Task to carry out: Please output the listing below character for character and omit the images.

Dataset excerpt:
- - -

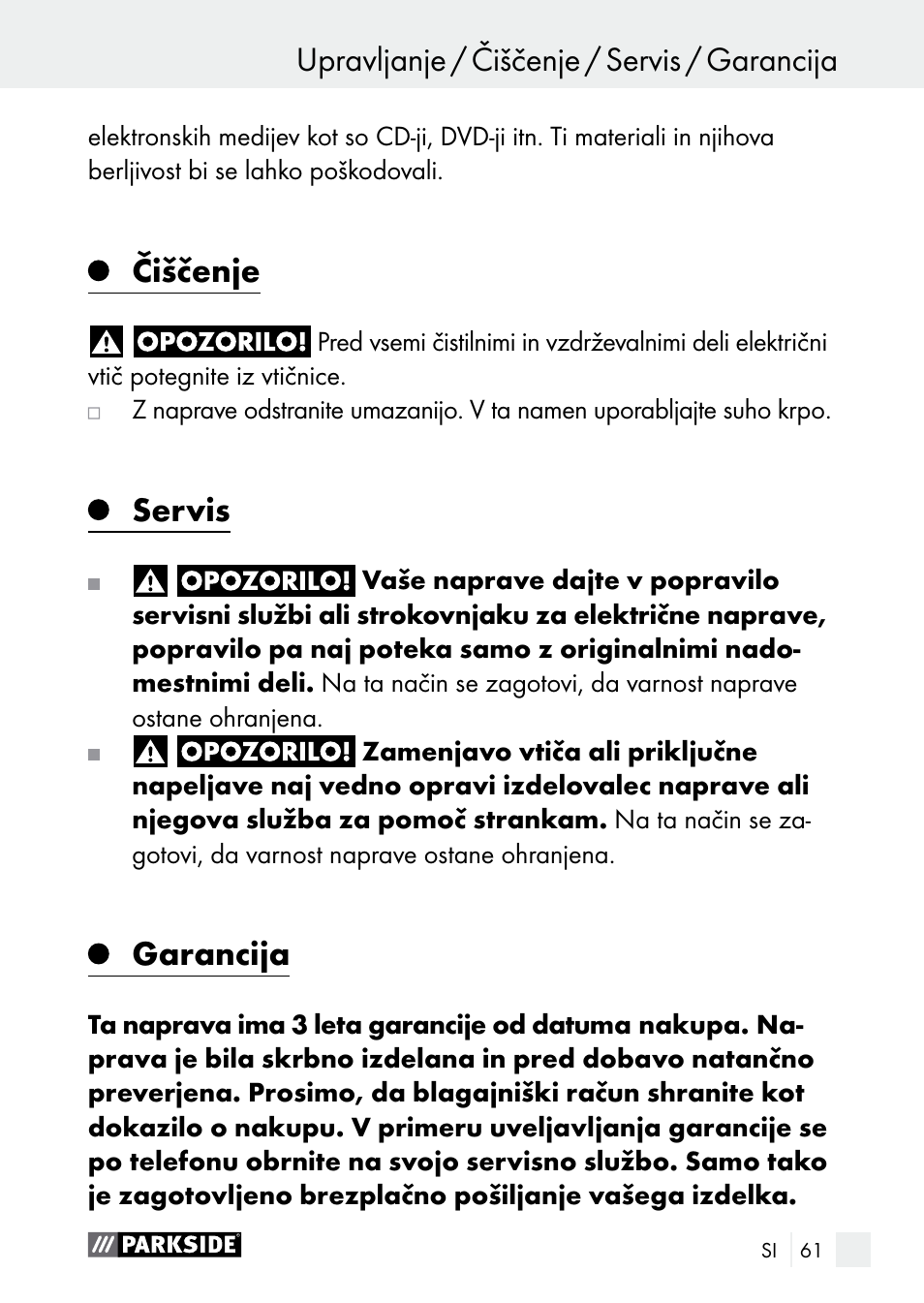 Čiščenje, Servis, Garancija | Parkside PGG 15 A1 User Manual | Page 61 / 96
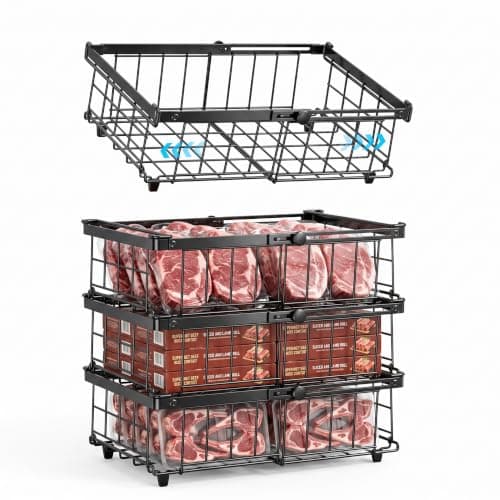 Hofususer Freezer Organizer Bins, 4-Pack for Chest Freezers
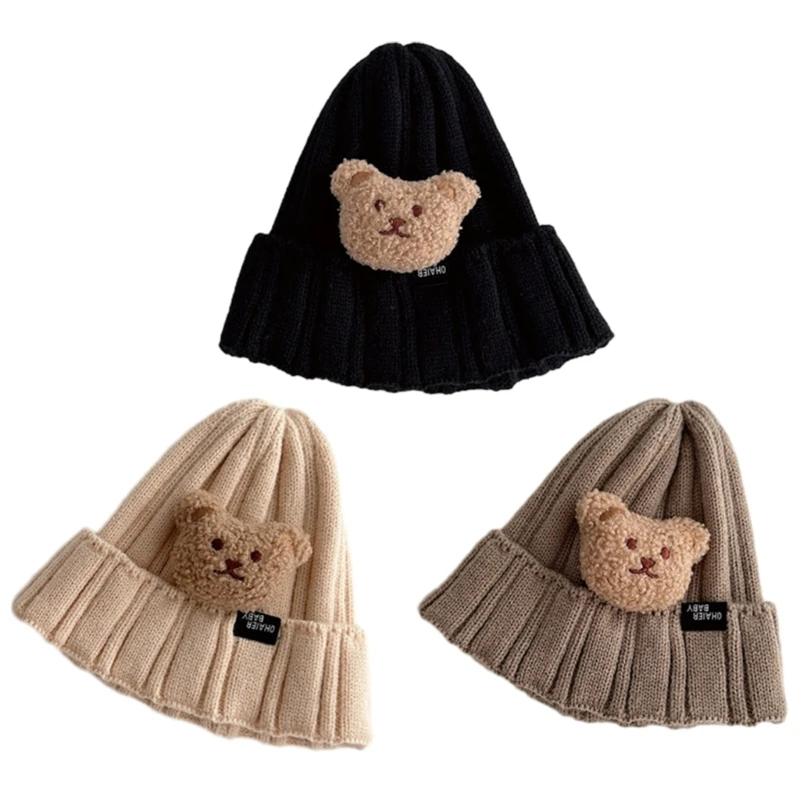 

Trendy Knit Hat Stylish Warm Hat Bear Pattern Hat Perfect for Autumn & Winter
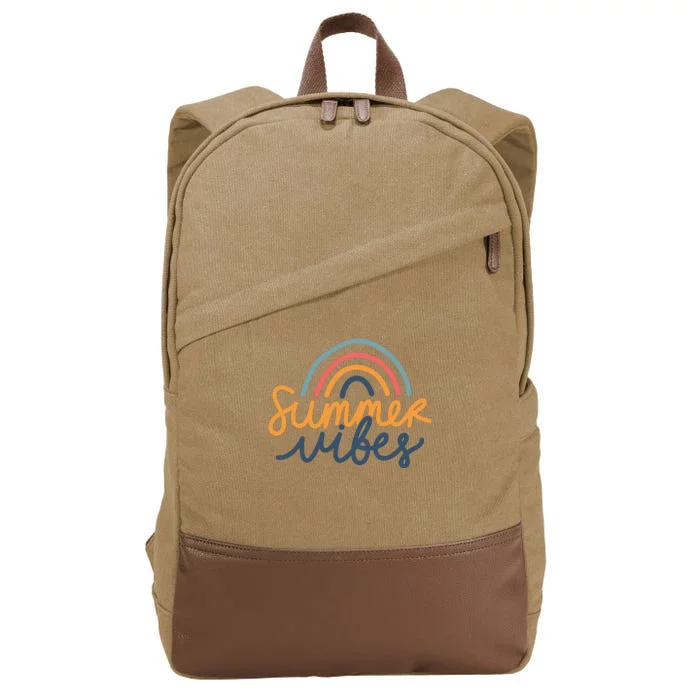 Summer Vibes Rainbow Cute Cotton Canvas Backpack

- - -

Answer below:
 Čiščenje, Servis, Garancija | Parkside PGG 15 A1 User Manual | Page 61 / 96
 Hofususer Freezer Organizer Bins, 4-Pack for Chest Freezers

Trendy Knit Hat Stylish Warm Hat Bear Pattern Hat Perfect for Autumn & Winter
 Summer Vibes Rainbow Cute Cotton Canvas Backpack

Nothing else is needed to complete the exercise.